Heart Berkshire

Reading; England;
- Broadcast area: Berkshire and north Hampshire
- Frequencies: FM: 97.0, (Reading) 102.9 (Basingstoke and West Berkshire) 103.4 (Henley-on-Thames) MHz DAB: 12D (Reading and Basingstoke)
- RDS: HEART
- Branding: Heart

Programming
- Format: Hot AC

History
- First air date: 8 March 1976
- Last air date: 9 July 2010
- Former names: Radio 210 (1976–1988) 210-FM (1988–1994) 2-Ten FM (1994–2009)
- Former frequencies: 1431 MW

= Heart Berkshire =

Heart Berkshire (formerly 2-Ten FM) was an Independent Local Radio station, serving Berkshire and North Hampshire from studios in Reading.

==About==
Launched as Radio 210 (Two-One-Oh), the station commenced broadcasting in March 1976 on its medium-wave frequency of 210 metres (1,431 kHz). It later became known as 210-FM, later as 2-Ten FM, and was part of The One Network group of stations owned and operated by Global Radio by 2008. The station was rebranded a year later as part of the Heart Network.

==History==
The original parent company, Radio Kennet had won the licence to broadcast as far back as 1974, but plans for the station to float on the London Stock Exchange as soon as it commenced broadcasting failed as it did not raise enough funding. Radio Kennet returned in 1976 as Thames Valley Broadcasting.

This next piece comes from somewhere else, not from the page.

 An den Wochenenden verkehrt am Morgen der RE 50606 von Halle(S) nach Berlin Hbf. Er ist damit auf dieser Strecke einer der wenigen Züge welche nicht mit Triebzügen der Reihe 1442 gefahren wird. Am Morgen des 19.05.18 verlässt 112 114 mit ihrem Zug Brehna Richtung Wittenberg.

Radio 210 first broadcast on 8 March 1976 at 6 a.m. Former BBC Radio 2 DJ Paul Hollingdale played the Carpenters record "We've Only Just Begun" at the start of his four-hour breakfast show. Other early presenters were Steve Wright, Mike Read, Tony Fox, Steve Crozier ("Yer Man Croze"), Howard Pearce, Mike Matthews, John Flower, Tony Holden, Steve Wood, Phil Coope, Chris Hall, Chris Kelly, Mike Quinn, Dave Glass, John Hayes (deceased), Gavin McCoy, Bob Morrison, Graham Ledger, Mike Sanderson (the Folk Show), Martin Dean (the Soul Show) and news editor David Addis. Rising stars Mike Read and Steve Wright co-hosted the Read & Wright Show at weekends before gaining daily shows and later pursuing high-profile careers on BBC Radio 1. Howard Pearce also followed Read & Wright's route to the national networks, first to Radio Luxembourg and later the BBC. Other presenters made the opposite move, leaving the BBC to join Radio 210, including Bob Harris and David Hamilton, the latter having defected from BBC Radio 2 because of changes in that station's music policy.

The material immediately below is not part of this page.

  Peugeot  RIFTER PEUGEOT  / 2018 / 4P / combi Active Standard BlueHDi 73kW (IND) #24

Radio 210 initially only served Reading with a transmitter on 97.0 MHz FM on top of The Butts shopping centre; however that changed when it began broadcasting from the Hannington transmitter on a second frequency of 102.9 MHz at midday 1 January 1987 to serve a wider area of Berkshire and north Hampshire, with a Henley-on-Thames relay added in 1997. Classic Gold gained a new AM transmitter in 1996 on 1485kHz, broadcasting to West Berkshire and North Hampshire from a site in Newbury.

==Split frequencies==
In 1990, Radio 210 split frequencies (as required then to do so by Government due to a radio act recently passed to end simulcasting) to provide two services – 210-FM (Now broadcasting as Heart South) and 210 Classic Gold Radio. The AM transmitter was actually a relay of Brunel Classic Gold's service from Bristol. Also, broadcast to Bournemouth, Devon, & Swindon. It took a couple of networked shows. One Sunday Lunchtime show with David Hamilton, and also Jimmy Savile's Saviles Travels (1990–92). It stopped taking that because it was said that they preferred to broadcast their own shows. Classic Gold featured slightly more known presenters like Tony Gillham (head of music), and Trevor Fry. Paul Burnett joined in 1996, and Tony Blackburn a few years later. They were both dropped in July 2007, when Classic Gold was taken over by GCap Media, and became known as Gold.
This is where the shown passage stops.